К этому следует добавить, что кроме внешнего долга существовал внутренний долг, который к началу сентября достиг 800 млрд [3690], а к 1 января 1992 г. - 950 млрд руб. [3691].

Какой же выход из этого положения видело правительство?

1 октября 1991 г. председатель Контрольной палаты Верховного Совета СССР А. К. Орлов направил председателю Межреспубликанского экономического комитета И.С. Силаеву свои предложения на этот счёт: 1) провести «либерализацию цен», которая может дать 140–150 млрд руб., 2) занять 50–60 млрд руб. у предприятий, организаций и учреждений «всех форм собственности», 3) «ускорить распродажу части союзной государственной собственности... иностранным фирмам и компаниям за конвертируемую валюту с последующей продажей этой валюты населению» на 40–45 млрд руб., 4) выпустить стабилизационный заём на 30–35 млрд. Подобным способом предлагалось получить 260–290 млрд руб. [3692].

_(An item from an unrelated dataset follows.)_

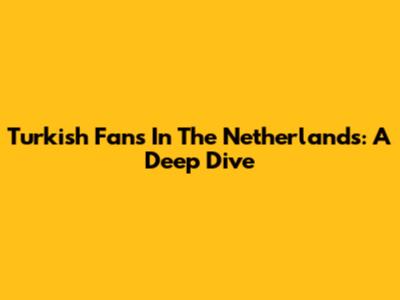 Turkish Fans In The Netherlands: A Deep Dive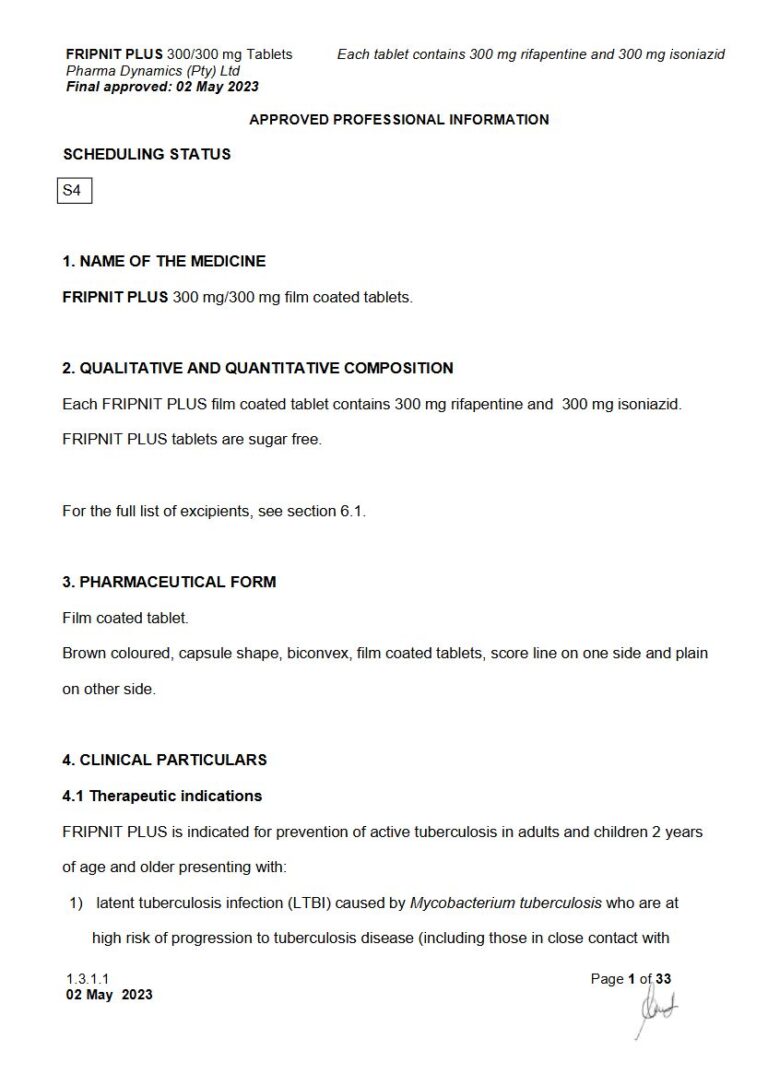 Fripnit Plus 300 mg Tablets package insert preview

В таких условиях в Москву пожаловали представители «семёрки». Они видели, что Союз распадается и хотели бы знать, кто будет платить по взятым долгам. Совещание состоялось 27–28 октября [3693].

Начавшиеся переговоры привели к появлению 28 октября 1991 г. меморандума «О взаимопонимании относительно долга иностранным кредиторам СССР и его правопреемников». 8 из 15 советских республик признали по нему свою солидарную ответственность [3694]. Подписание этого документа означало, что для Запада Советский Союз как единое государство фактически прекратил существовать [3695].

28–30 октября М.С. Горбачёв был в Мадриде [3696]. Здесь он встретился с Д. Бушем [3697]. Вспоминая об этой встрече с М.С. Горбачёвым, Д. Бейкер писал: «Он производил впечатление тонущего человека, ищущего спасательный круг. Нельзя было не испытать жалости к нему» [3698].

«Политикам, банкирам, экспертам, представителям международных организаций, - пишет А.С. Черняев, - Горбачёв в подробностях разъяснял, что нужно, чтобы радикальная реформа пошла и чтобы не сорвалось всё обвалом социального возмущения. Предстоит, говорил он, финансовая стабилизация, сокращение государственного бюджета, конвертируемость рубля, для чего необходимо создать стабилизационный фонд, срочно нужны лекарства и продовольствие и отсрочка платежей по задолженности. Этот вопрос он пытался поднять ещё на лондонской встрече. Его отговаривали все, начиная с Буша, стращая тем, что тогда частный капитал сразу «закроет» новое кредитование, это, мол, равносильно объявлению о банкротстве. Теперь Бейкеру, Мэйджору, Брэйди, Келлеру и другим он опять настойчиво говорил о том же... Но натолкнулся на те же сомнения и отговорки» [3699].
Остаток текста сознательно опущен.